__TASK OBJECTIVE__:
Write the listing out once more, identical to the original but without pictures.

───── SUPPLIED DATA

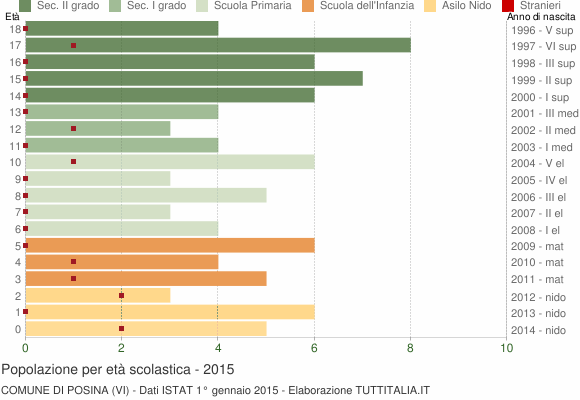 Grafico Popolazione in età scolastica - Posina 2015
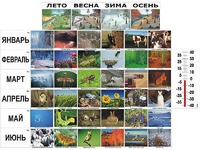 Фенологические наблюдения - fgospostavki.ru - Семёнов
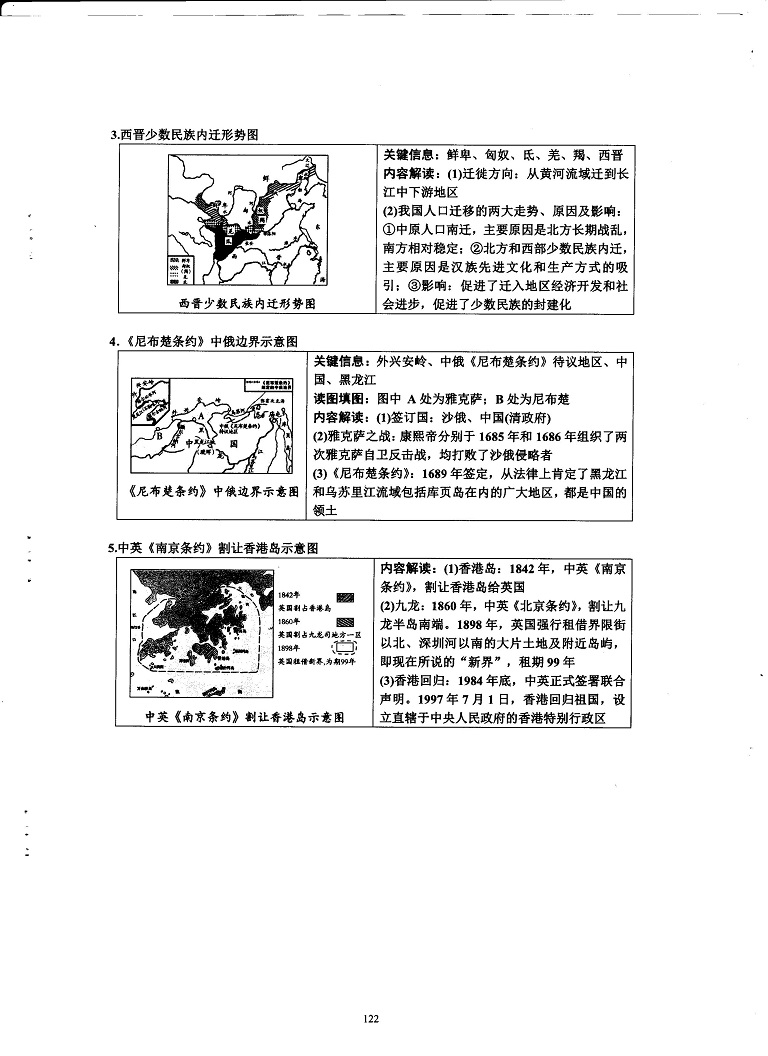 初中历史重点随堂笔记总结-其他形势示意图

──────────

__EXERCISE SOLUTION__:
 Grafico Popolazione in età scolastica - Posina 2015
 Фенологические наблюдения - fgospostavki.ru - Семёнов
 初中历史重点随堂笔记总结-其他形势示意图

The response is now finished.